COP26: PUTTRU releases discussion paper on sustainable energy transition in Africa

As the world intensifies the race towards net-zero emissions targets, Africa’s foremost energy business facilitation platform, PUTTRU, has issued a Discussion Paper, targeting the ongoing COP26 Summit in Glasgow, Scotland. Titled, ‘Africa’s Sustainable Energy Transition: Assessing the True Costs…Reflections for COP26, the paper is currently available for free downloads at and aims at stimulating robust discourse that would proffer feasible solutions to the issue of energy transition in Africa, considering the constraints and realities in the global energy system.

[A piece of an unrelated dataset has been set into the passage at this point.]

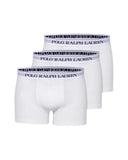 BOKSERKI POLO RALPH LAUREN 3-PACK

Authored and reviewed by a team of energy experts, the paper is divided into four sections. Section One is the Introduction and presents the objectives of the paper. Section Two, defines and discusses the inherent constraints of energy systems, namely technical feasibility and stability of the grid, environmental concerns, security of energy supply, and energy costs.

In Section Three, the paper presents the implications of these inherent constraints on Africa’s evolving energy system, while Section Four offers recommendations and conditions for a decarbonised energy system pathway for the African continent.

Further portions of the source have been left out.